Saturday, January 8, 2011

worst technique


I frequently hear about tokui waza, or one’s best / special technique to be used when fighting or sparring. I have a couple of those.

I think there should also be a word for the opposite – a technique that you practice but have a very hard time with, just can’t get it right. I have a couple of those as well, more than a couple.

One that stands out recently comes from the sai kata / form. The motion is 左上段返し打ち, or hidari joudan kaeshi-uchi, a strike to the opponent’s head which circles once outside the left arm before striking downward.

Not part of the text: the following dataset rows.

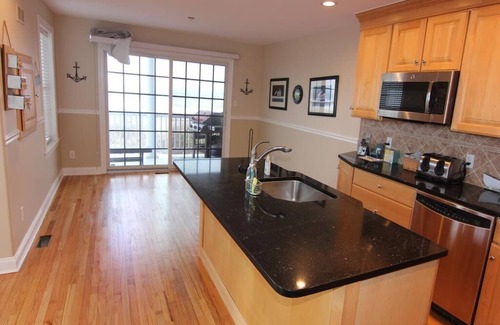 Sea Isle City Condo | 18 33rd Street North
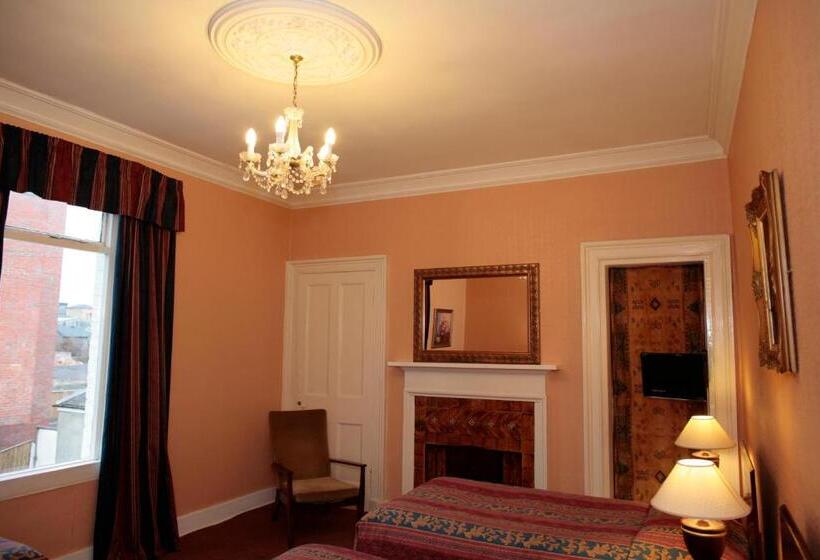 חדר משפחתי, Averon Guest House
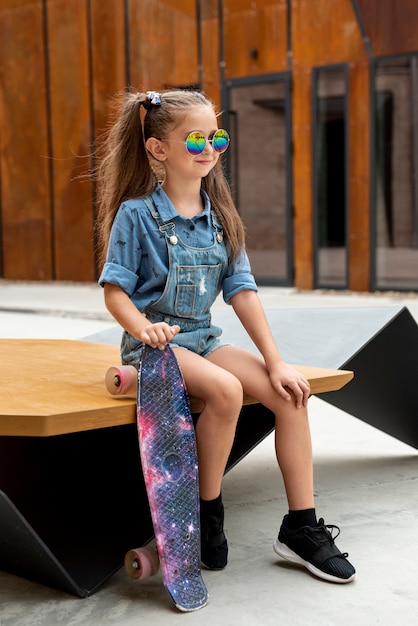 Foto grátis tiro completo de menina com macacão azul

In practicing the first sai kata, chikin shita haku no sai (or tsuken shita haku no sai, if not in Okinawan dialect), I have gotten pretty comfortable with this motion on the right side, as it appears in the form several times. It is a great motion, really: after blocking the opponent’s strike (they are using a bo staff), you roll the sai outside the arm – keeping the opponent’s bo away from you – while moving in closer and striking their head with the sai.

It appears only once in the form on the left side, however, and I am right-handed. I try to keep well-balanced in my training with left- and right-side repetitions. I have even been using my chopsticks in my left hand to improve dexterity. But I just can’t seem to nail this motion.

Last week, it re-appeared in another incarnation. I am not officially learning the next sai form yet (chatan yara no sai), but I have had a glimpse of things to come. It is a wonderful kata full of great motions – and another one of these left-handed circling attacks.

So, there is one more item on the homework list – doing more things left-handed. Chopsticks of course. Brushing teeth. Operating iPods and other small gadgets. And, of course, the technique described above.